***** Source data *****

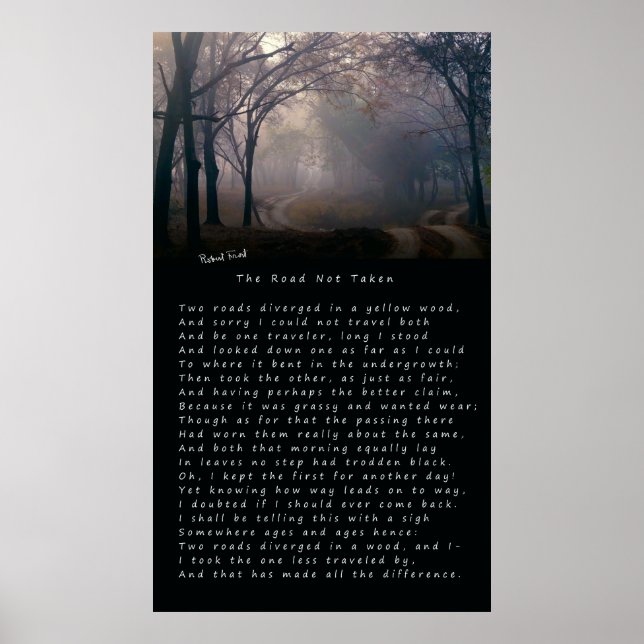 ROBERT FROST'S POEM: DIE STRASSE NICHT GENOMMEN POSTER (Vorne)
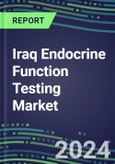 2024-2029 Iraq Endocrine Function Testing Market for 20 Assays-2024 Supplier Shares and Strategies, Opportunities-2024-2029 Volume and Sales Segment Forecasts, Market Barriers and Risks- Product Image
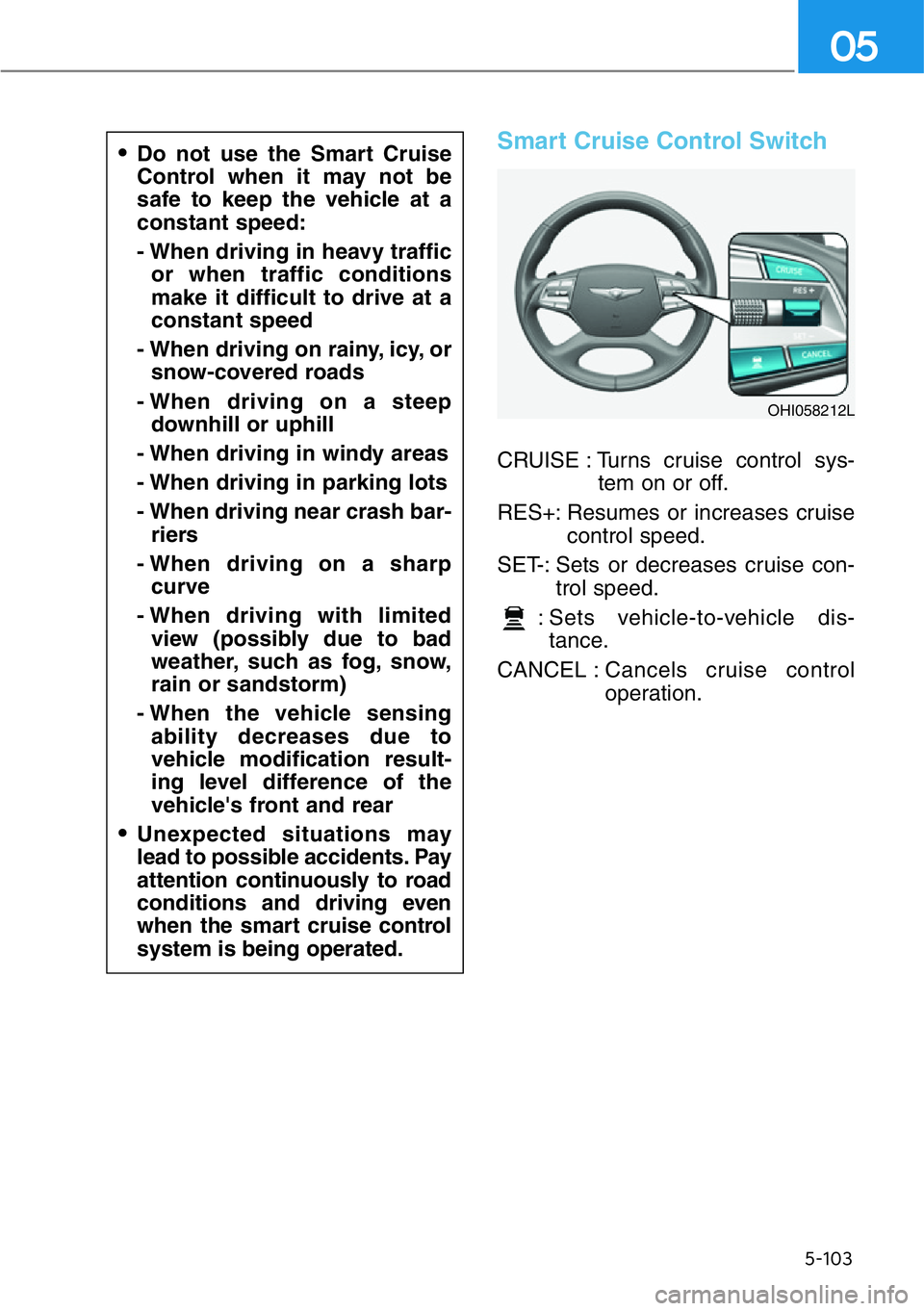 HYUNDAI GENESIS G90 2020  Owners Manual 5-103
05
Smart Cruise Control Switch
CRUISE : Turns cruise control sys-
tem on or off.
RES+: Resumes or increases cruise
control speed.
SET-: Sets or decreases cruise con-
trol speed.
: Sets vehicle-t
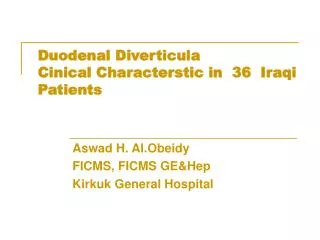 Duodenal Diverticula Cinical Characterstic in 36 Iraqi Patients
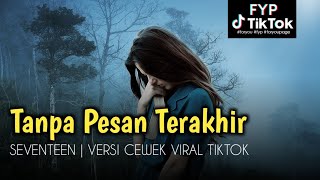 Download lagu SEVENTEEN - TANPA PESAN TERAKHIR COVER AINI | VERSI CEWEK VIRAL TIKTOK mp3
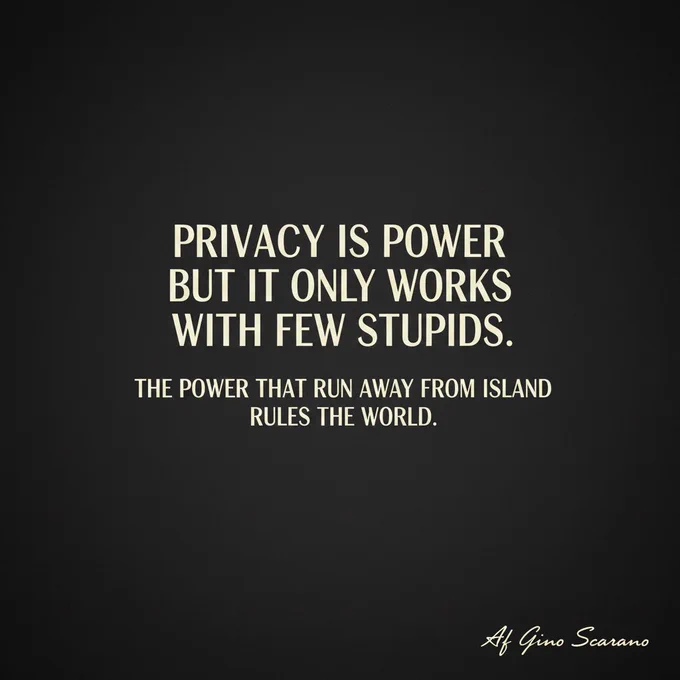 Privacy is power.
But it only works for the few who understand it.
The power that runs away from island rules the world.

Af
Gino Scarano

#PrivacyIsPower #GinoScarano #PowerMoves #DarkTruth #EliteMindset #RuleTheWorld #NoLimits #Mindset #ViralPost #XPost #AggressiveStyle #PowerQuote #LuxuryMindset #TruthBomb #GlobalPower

*****

[To do] A word-for-word retyping of the material above is expected, without pictures.

[Written answer]
 ROBERT FROST'S POEM: DIE STRASSE NICHT GENOMMEN POSTER (Vorne)
 2024-2029 Iraq Endocrine Function Testing Market for 20 Assays-2024 Supplier Shares and Strategies, Opportunities-2024-2029 Volume and Sales Segment Forecasts, Market Barriers and Risks- Product Image
 HYUNDAI GENESIS G90 2020  Owners Manual 5-103
05
Smart Cruise Control Switch
CRUISE : Turns cruise control sys-
tem on or off.
RES+: Resumes or increases cruise
control speed.
SET-: Sets or decreases cruise con-
trol speed.
: Sets vehicle-t
 Duodenal Diverticula Cinical Characterstic in 36 Iraqi Patients
 Download lagu SEVENTEEN - TANPA PESAN TERAKHIR COVER AINI | VERSI CEWEK VIRAL TIKTOK mp3
 Privacy is power.
But it only works for the few who understand it.
The power that runs away from island rules the world.

Af
Gino Scarano

#PrivacyIsPower #GinoScarano #PowerMoves #DarkTruth #EliteMindset #RuleTheWorld #NoLimits #Mindset #ViralPost #XPost #AggressiveStyle #PowerQuote #LuxuryMindset #TruthBomb #GlobalPower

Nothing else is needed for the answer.